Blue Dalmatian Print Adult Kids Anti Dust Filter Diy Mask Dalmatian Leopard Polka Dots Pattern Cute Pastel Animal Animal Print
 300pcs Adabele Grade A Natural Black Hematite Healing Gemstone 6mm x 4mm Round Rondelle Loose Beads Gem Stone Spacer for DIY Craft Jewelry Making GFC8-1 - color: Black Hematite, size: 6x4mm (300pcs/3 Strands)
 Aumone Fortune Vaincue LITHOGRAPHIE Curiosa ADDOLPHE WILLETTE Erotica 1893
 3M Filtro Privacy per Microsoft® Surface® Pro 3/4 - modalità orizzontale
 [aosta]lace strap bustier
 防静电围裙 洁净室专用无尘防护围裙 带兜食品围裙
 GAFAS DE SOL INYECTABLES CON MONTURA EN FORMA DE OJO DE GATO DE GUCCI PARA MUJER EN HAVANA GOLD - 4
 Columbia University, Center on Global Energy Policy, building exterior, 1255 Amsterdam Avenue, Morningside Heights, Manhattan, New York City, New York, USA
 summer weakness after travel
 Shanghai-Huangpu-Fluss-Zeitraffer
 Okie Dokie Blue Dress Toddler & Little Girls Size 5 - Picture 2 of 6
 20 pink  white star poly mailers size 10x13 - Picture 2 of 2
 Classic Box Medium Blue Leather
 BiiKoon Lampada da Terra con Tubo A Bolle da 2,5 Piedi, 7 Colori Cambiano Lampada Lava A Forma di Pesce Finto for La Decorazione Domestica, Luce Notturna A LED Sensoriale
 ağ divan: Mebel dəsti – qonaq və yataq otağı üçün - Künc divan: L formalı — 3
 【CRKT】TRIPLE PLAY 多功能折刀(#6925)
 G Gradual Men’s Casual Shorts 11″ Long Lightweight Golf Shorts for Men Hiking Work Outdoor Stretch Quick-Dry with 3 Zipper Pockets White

——

-- ASSIGNMENT --
Your answer must be every line from the entries that contains the string "Picture", copied as it stands.

-- TASK ANSWER --
 Okie Dokie Blue Dress Toddler & Little Girls Size 5 - Picture 2 of 6
 20 pink  white star poly mailers size 10x13 - Picture 2 of 2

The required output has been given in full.